There’s something really special about watching plants grow. You sow these little seeds in the ground, and with enough sunshine, good soil, and water, little plants start coming out of the ground. It’s hard to imagine that I will be harvesting food from these little plants in a matter of months.



I sometimes find myself feeling emotions for my plants that I usually only feel toward my children. Interesting, eh?

Monday, September 7, 2009

my free flower garden


This is the front of our house. The management company advertises these house as having “landscaped front and side yards.” Well, let me just tell you what this looked like when we moved in. There was no lawn, it was just dried, old, patchy, weedy front yard. They mow the… weeds, but not very often (once every 2 weeks, if we’re lucky). Close to the house, there was nothing but dead grass and dirt – the pest control company sprays about a foot of the ground around the perimeter of the house to keep out the bugs… yes… a whole foot. In the front by our little carport lived a hideous, spider-infested bush.

This past weekend we did some major improvements (we’ve been watering the front “lawn” for a while now, and it’s starting to look much better, despite still being mostly crab grass, and the patchy appearance). We had a friend pull out the ugly bush in the front, we transplanted some irises from the back yard, and covered the front flower garden with wood chips from huge piles of woodchips that were heaped just beyond our backyard. The irises were all clumped up in one big bush, having never been separated for probably several years. They had a fungus, but I just chopped off the affected leaves, and they are doing pretty well. The friend who pulled out the big ugly bush also gave use a few peace lilies and torch lilies from their yard. The peace lilies were decapitated when they were pulling a huge aloe vera plant out of their yard, and the torch lilies had died a while back. I think they also had a fungus (from not being separated), but I’m hoping now that they are separated and have proper drainage, they will start growing again.

Total cost for our front flower garden?! Nothing!! All found, donated, or relocated material. And it looks SO much better. And by the way, our management company had nothing to do with it. So much for their landscaped front and side yards. And I’m taking my plants with me when I leave.

Friday, September 4, 2009

Starting a Garden

We planted our very first vegetable garden as a married couple this fall. I know it sounds weird to say that we planted a garden in the fall, but in our part of the world, the growing season is just about year round.

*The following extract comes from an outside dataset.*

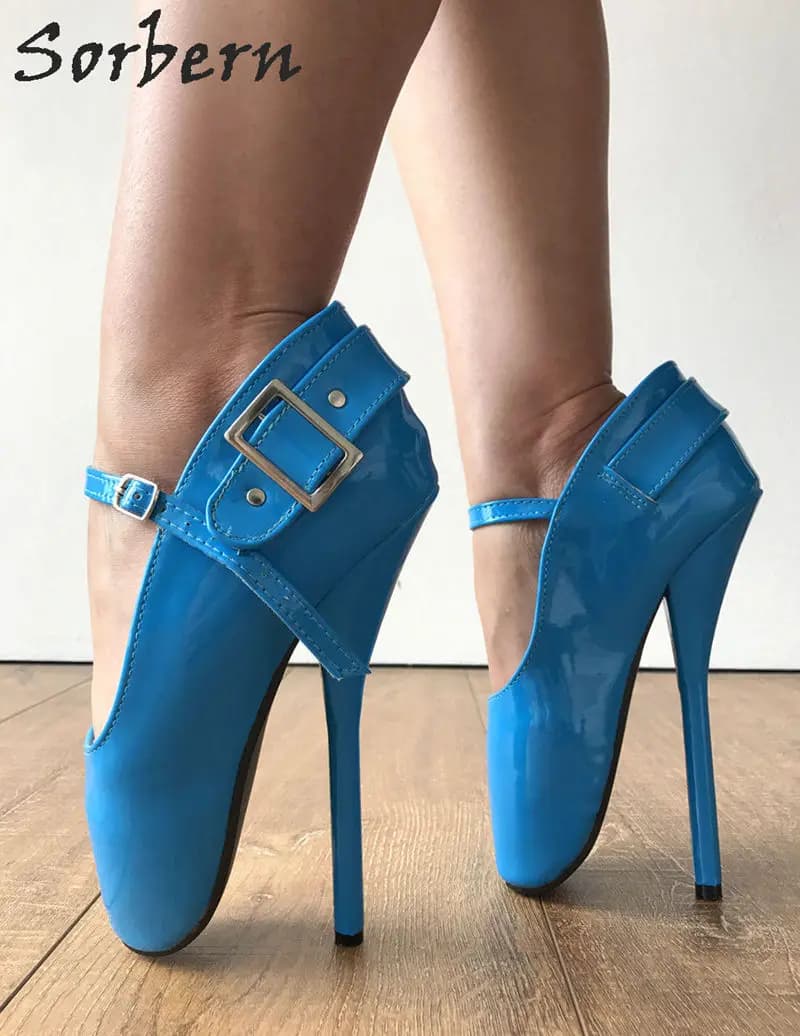 Custom Colors Sorbern Blue Mary Janes Ballet High Heels Pump Shoes for Women - Stilettos with Buckles - Pole Dance Shoe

100_3192 And here it is. The garden is inside boxes because we have a problem with some kind of root-eating rodent. The jury is still out as to what exactly the rodent is. Some say gopher, some say prairie dog of sorts. None of that is as important as the fact that it eats the roots of plants and digs up gardens (and lawns) and is the biggest nuisance around. To thwart the little animals, we planted our garden in old bookshelves we bought from our local waste management facility’s “store” – they sell just about anything that anyone could even dream of reusing. Kind of like a second hand store, but a little more trashy.

We got three bookshelves for $7, and then paid $20 for five HUGE bags of the dump’s delicious compost. Did I really just say delicious? You bet I did. Yummy yummy compost. I was seriously about to eat a handful while we were filling up our bags at the dump.

We planted beans, peas, sugar snap peas, broccoli, spinach, cilantro, romaine lettuce, carrots, green onions, and yellow onions. We also started bell peppers (four different colors!) and two types of tomatoes. We should be having a bountiful harvest by Christmas!